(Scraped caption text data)

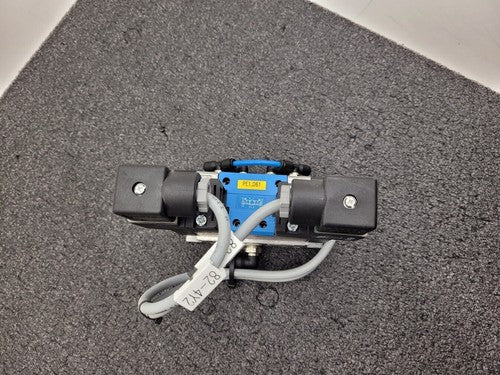 Festo Dual Pneumatic Valve Block MN1H-5/3G-D-1-S-C 15968  -13 to 240 psi INPUT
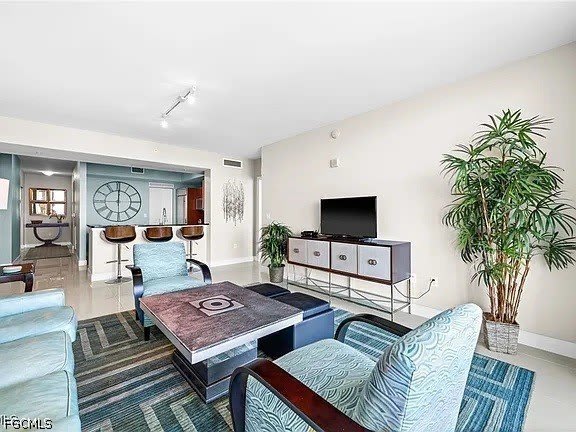 3000 Oasis Grand Boulevard – photo 3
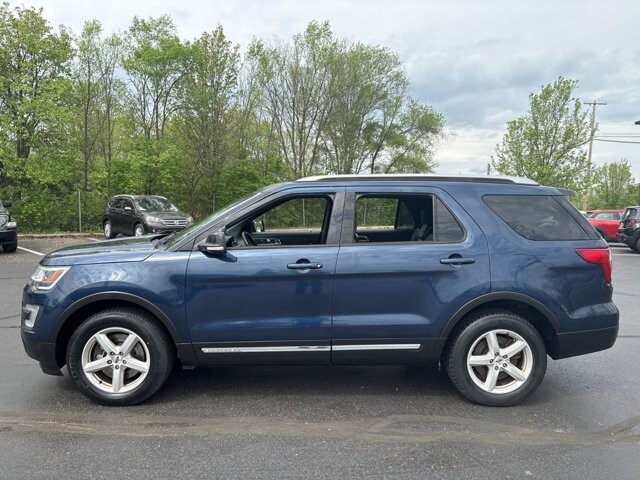 2017 Ford Explorer in Marysville, OH 43040 - 18132517 4
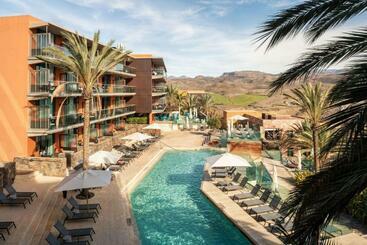 Salobre Hotel Resort & Serenity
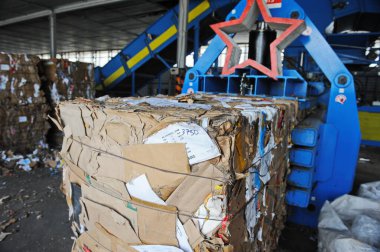 Almaty, Kazakistan - 06.17. 2016: Santraldeki çeşitli çöp yığınlarını özel ekipmanlar sıkıştırıyor ve geri dönüştürüyor.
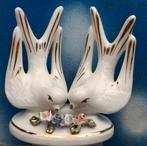 Zwaluw paar. Porselein.  Florale ornamenten.  11 cm, Ophalen, Zo goed als nieuw, Dier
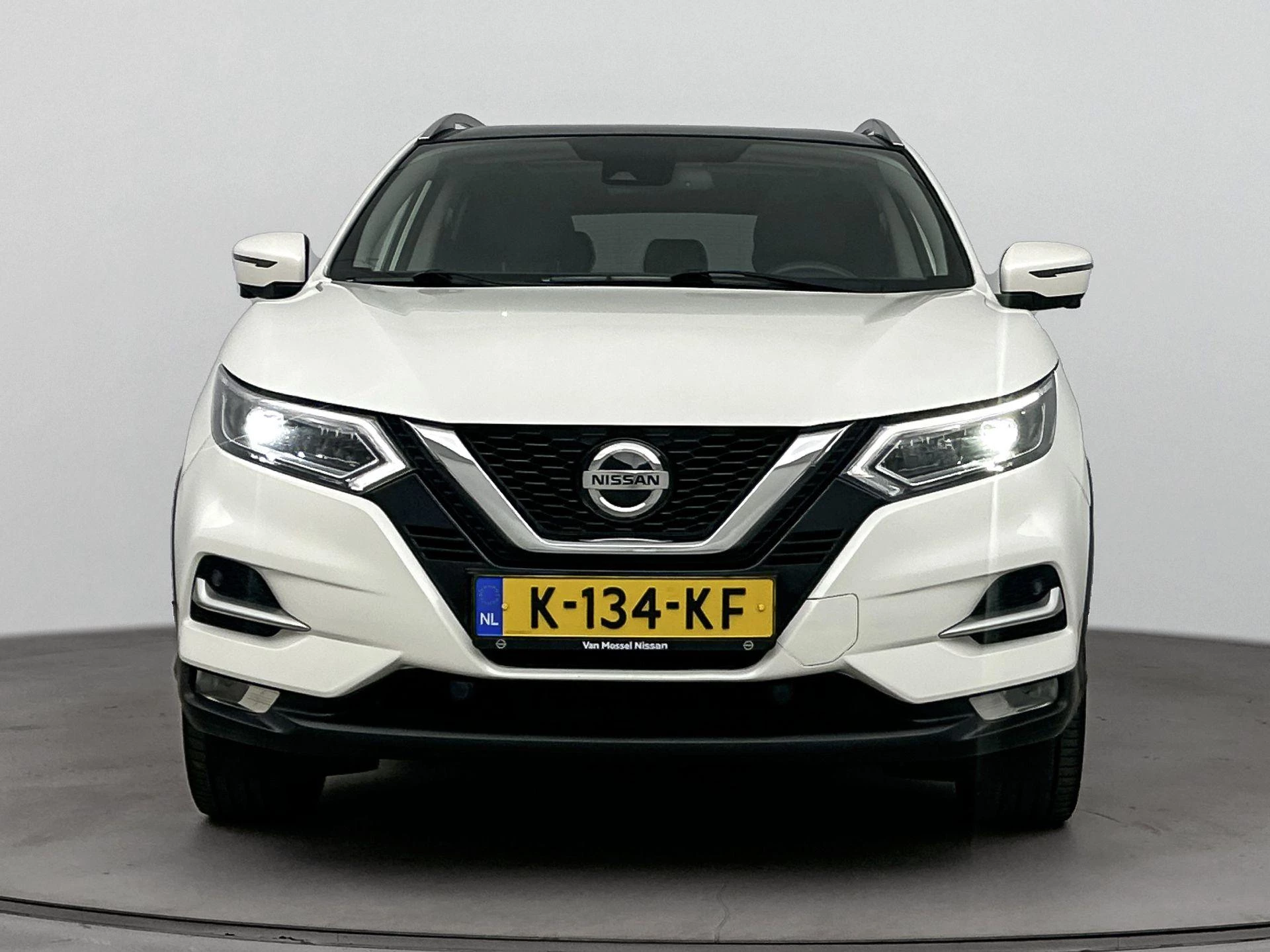 Nissan-QASHQAI-image-8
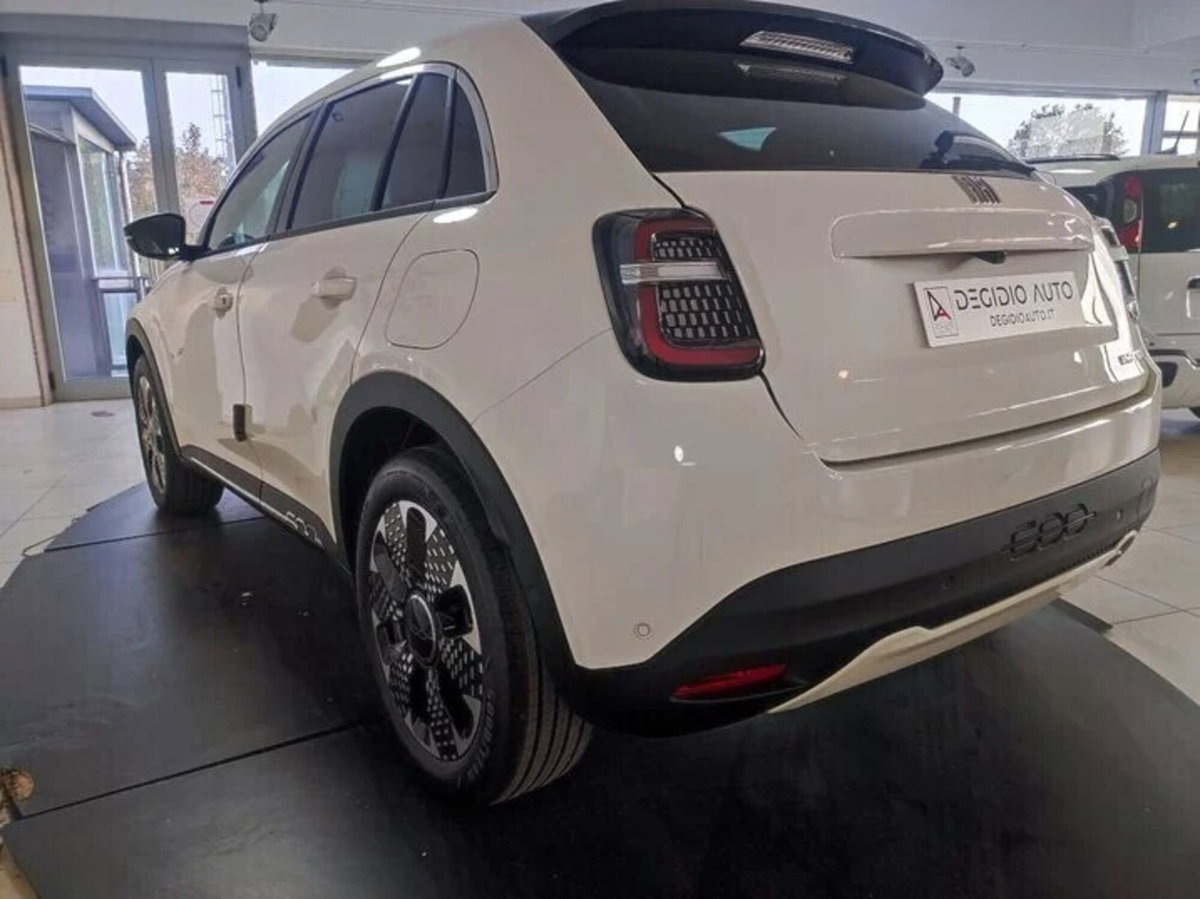 Fiat 600 1.2 hybrid La Prima 110cv auto (4)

* _Activity_
Set down each entry above exactly as it appears. Omit the pictures.

* _Output for this exercise_
 Festo Dual Pneumatic Valve Block MN1H-5/3G-D-1-S-C 15968  -13 to 240 psi INPUT
 3000 Oasis Grand Boulevard – photo 3
 2017 Ford Explorer in Marysville, OH 43040 - 18132517 4
 Salobre Hotel Resort & Serenity
 Almaty, Kazakistan - 06.17. 2016: Santraldeki çeşitli çöp yığınlarını özel ekipmanlar sıkıştırıyor ve geri dönüştürüyor.
 Zwaluw paar. Porselein.  Florale ornamenten.  11 cm, Ophalen, Zo goed als nieuw, Dier
 Nissan-QASHQAI-image-8
 Fiat 600 1.2 hybrid La Prima 110cv auto (4)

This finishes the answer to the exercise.